• _Exercise description_: Reproduce, exactly as they appear, the line containing "Nước Mắt Lưng Tròng" and every line after it, ending with the last line of the records.

▽

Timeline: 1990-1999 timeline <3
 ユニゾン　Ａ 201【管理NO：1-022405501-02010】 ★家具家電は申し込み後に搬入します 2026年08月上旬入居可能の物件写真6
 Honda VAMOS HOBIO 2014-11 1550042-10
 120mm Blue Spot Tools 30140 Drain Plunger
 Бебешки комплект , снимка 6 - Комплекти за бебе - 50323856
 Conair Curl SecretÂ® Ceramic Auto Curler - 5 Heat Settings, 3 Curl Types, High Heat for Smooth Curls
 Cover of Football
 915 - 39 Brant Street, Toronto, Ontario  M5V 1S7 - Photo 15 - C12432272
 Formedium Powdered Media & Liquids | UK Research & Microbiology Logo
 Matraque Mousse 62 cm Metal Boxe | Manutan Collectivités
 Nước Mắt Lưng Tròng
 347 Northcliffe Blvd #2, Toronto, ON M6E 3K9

△

• _Exercise response_:
 Nước Mắt Lưng Tròng
 347 Northcliffe Blvd #2, Toronto, ON M6E 3K9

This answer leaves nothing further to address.